**Exercise description**
Beginning at the line containing "Bir sonbahar sahnesinde", repeat each line below exactly up to and including the line containing "A single-story blue". Do not repeat the pictures.

**Data for review**
----------
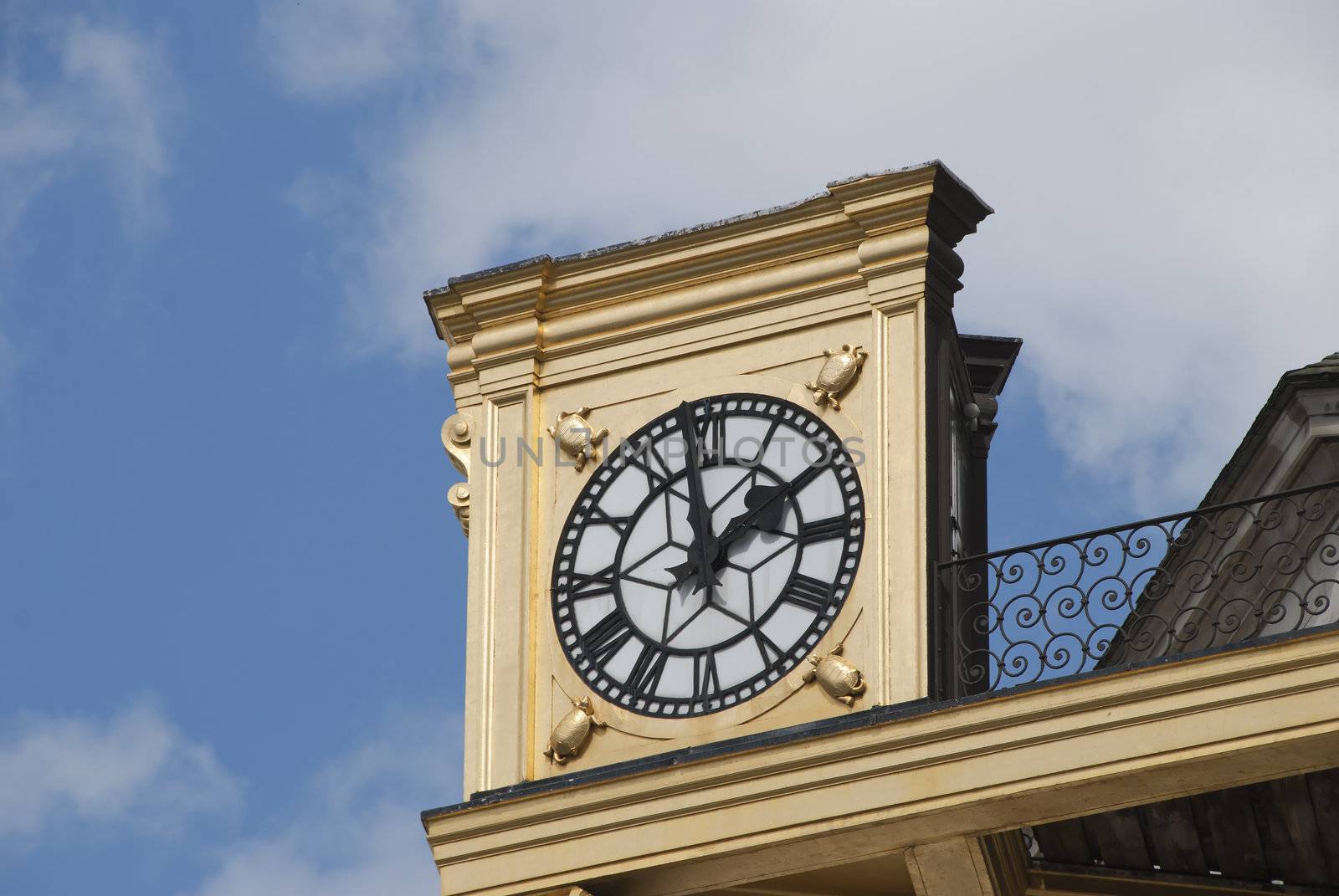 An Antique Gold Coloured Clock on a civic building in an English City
----------
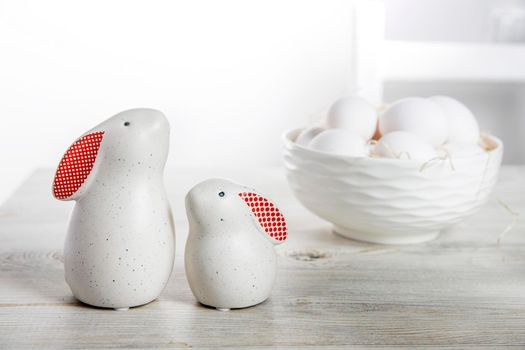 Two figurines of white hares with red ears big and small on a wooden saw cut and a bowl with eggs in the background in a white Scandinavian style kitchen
----------
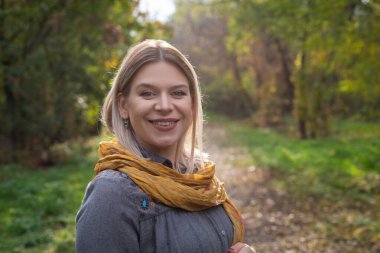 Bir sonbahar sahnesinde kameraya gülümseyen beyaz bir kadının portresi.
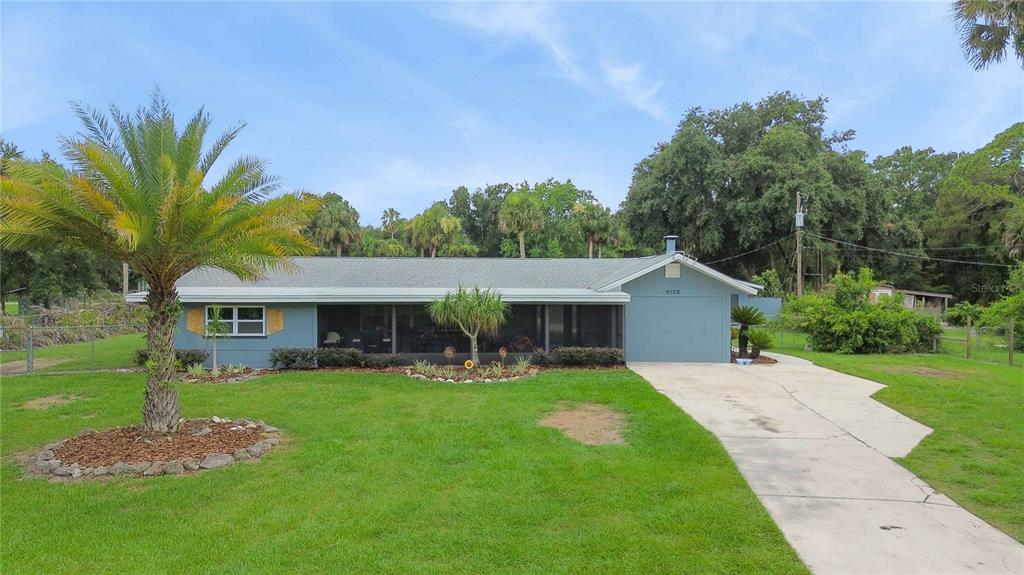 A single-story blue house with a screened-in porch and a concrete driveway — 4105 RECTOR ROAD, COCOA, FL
----------
**Written response**
 Bir sonbahar sahnesinde kameraya gülümseyen beyaz bir kadının portresi.
 A single-story blue house with a screened-in porch and a concrete driveway — 4105 RECTOR ROAD, COCOA, FL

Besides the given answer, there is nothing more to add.